Capernaum

Capernaum

Nadine Labaki (2018)

In the Christian gospels, the village of Capernaum on the shores of the Sea of Galilee is a place where Jesus performs miracles.  Nadine Labaki’s Capernaum, showing at the London Film Festival, describes a world in which divine intervention is conspicuous by its absence.  In his concluding speech, the film’s twelve-year-old protagonist Zain (Zain al Rafeea) denounces God:  ‘I thought I’d grow up to be a good and respected man but God doesn’t want that – he wants us to be floor mats’[1].  According to Wikipedia, the word ‘capharnaum’, derived from the village’s name, came to mean ‘a place with a “disorderly accumulation of objects” ‘.  This is the sense of the title of Labaki’s film:  when ‘Capernaum’ appears on the screen at the start, the accompanying English subtitle is ‘Chaos’.

Written by Labaki and others (Jihad Hojaily, Michelle Keserwany, Georges Khabbaz, Khaled Mouzanar), Capernaum is a distinctive coming-of-age story, set in present-day Lebanon.  Zain starts off as a tough, streetwise kid, living with his family in poor and cramped conditions in Beirut.  Disgusted when his parents (Kawsar Al Haddad and Fadi Yousef) sell his eleven-year-old sister Sahar (Haita ‘Cedra’ Izzam) in marriage to a local shopkeeper, Zain runs away from home and starts living on his wits.  He meets Rahil (Yordanos Shiferaw), an Ethiopian refugee, and looks after her infant son Yonas (Boluwatife Treasure Bankole) when she’s out at work.  Zain eventually returns home and, after learning of Sahar’s fate, commits a violent crime in revenge.  He is sentenced to five years in prison.  While in jail, he takes his mother and father to court – on the charge of bringing him into the world.

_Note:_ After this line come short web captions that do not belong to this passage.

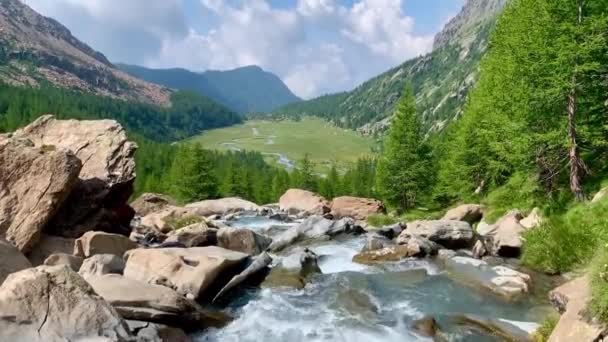 Drammatico Paesaggio Alpino Preda Rossa Con Fiume Acqua Fredda Che — Video Stock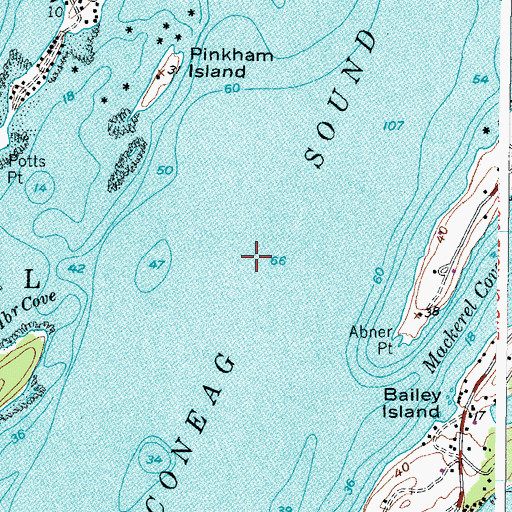 Topographic Map of Merriconeag Sound, ME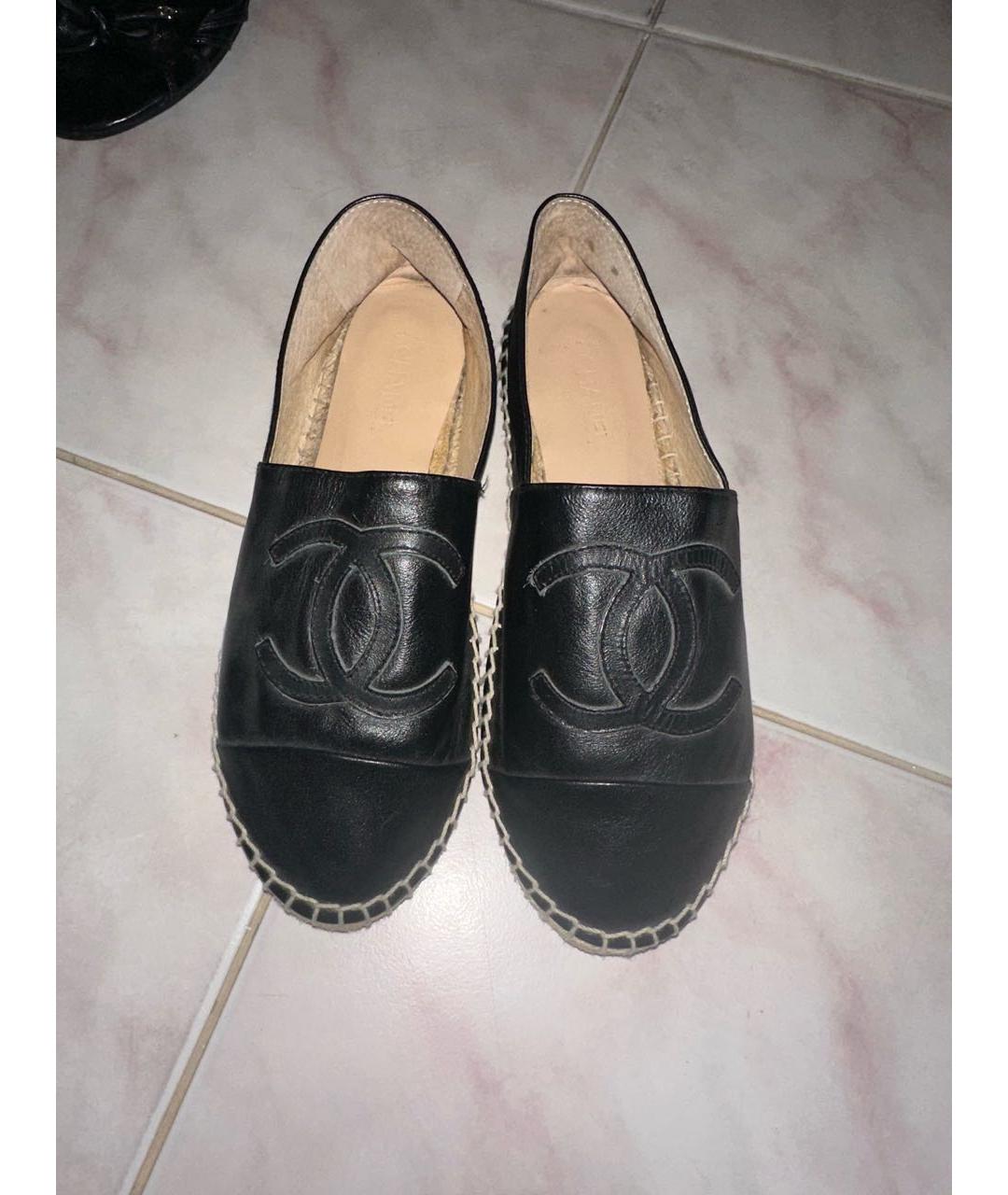 CHANEL Черные кожаные эспадрильи, фото 3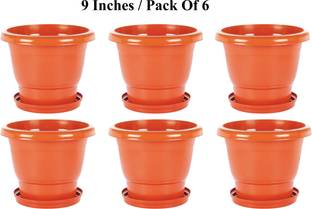 god of goods (Pack Of 6) 9" Heavy Duty Plastic Plants in Gardens for Indoor/Outdoor Planter Plant Container Set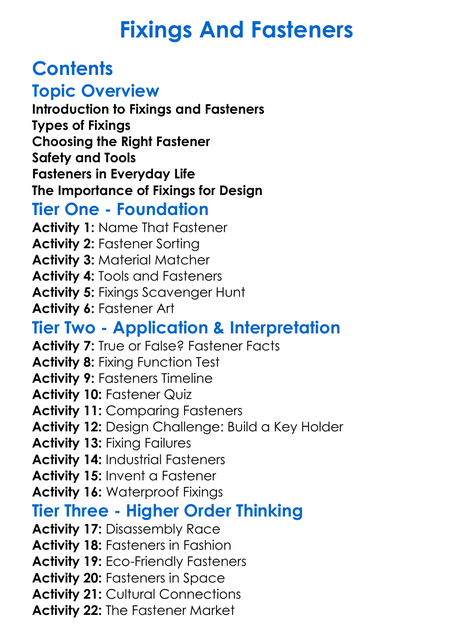 Fixings And Fasteners Worksheet Activity Booklet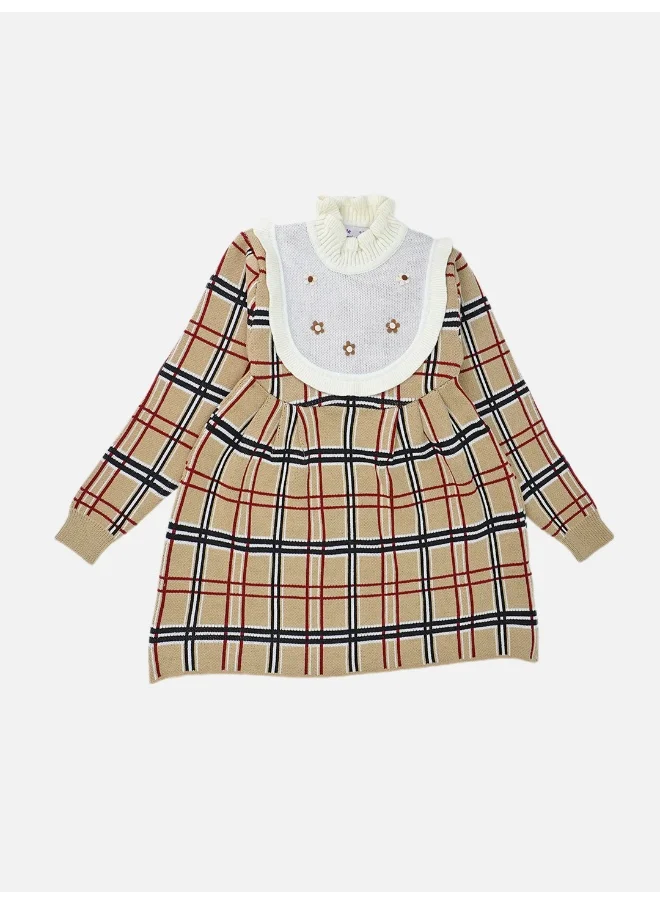 صندوق المفاجآت الصغيرة Box Beige sailor Checkered Knitted Frock Winterwear for girls -3-4Y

This extraordinary notion is a real hook and the trial sequences, staged realistically, are intriguing at first, as the judge (Elias Khoury) questions Zain and his parents.  But the courtroom conceit proves to have less substance than it seems to promise, supplying little more than a basic narrative framework for the main action describing the boy’s odyssey.  In the end, it’s not even clear if the trial is purely metaphorical – there’s no indication of a verdict being given or sentence passed.  Although Nadine Labaki no doubt believes the film’s audience must form their own moral judgment, this still seems a bit of a cheat.  We wouldn’t have engaged with her story in the same way if we hadn’t at first thought that an actual trial was taking place.

Capernaum, though sometimes emotionally powerful, is problematic in ways that Labaki surely didn’t intend.  With her DP Christopher Aoun, she creates some remarkable overhead shots of blasted areas of Beirut; she also provides various potent illustrations of dehumanisation.  Whether these offer fresh insight into hardship familiar from television news and documentary is arguable.  Most viewers of the film won’t need to be shown the effects of benighted tradition and poverty on an innocent kid in order to be appalled by them.  Zain is endlessly fearless and resourceful – right through to the moment when, in prison, he watches a TV phone-in programme about the mistreatment of children and seizes the opportunity.  His call is broadcast; this triggers the lawsuit against his parents.  Yet Labaki’s attempt to show the resilience of a child in adversity is caught in the same sort of bind as Benh Zeitlin’s Beasts of the Southern Wild a few years ago.  In dramatising Zain’s courage and endurance, Capernaum makes him thoroughly exceptional among the youngsters who appear in the film.  That makes it less easy to see him as representative of a generation trapped in the same deprivation.

The film is often awkward when Labaki strains for a dramatic highlight, especially when the highlight is centred on Rahil, well though Yordanos Shiferaw plays her.  It feels forced when this young woman, also now in detention, catches sight of Zain among the crowds of prisoners in the jail they’re both in and calls out to him.  Even though it’s touching, Rahil’s final reunion with her child is more willed than convincing.  The polished rhetoric of Zain’s indictment of God is a jarring departure from the boy’s usual foul-mouthed wit.  Zain al Rafeea shows great stamina as well as plenty of talent in carrying the huge load that Nadine Labaki places on him.  She expects a lot of the toddler playing Rahil’s son too and this is sometimes uncomfortable to watch.  When Yonas is crying, this can’t be because Boluwatife Treasure Bankole (a girl) is a precociously good actor.  It must be because she’s truly upset.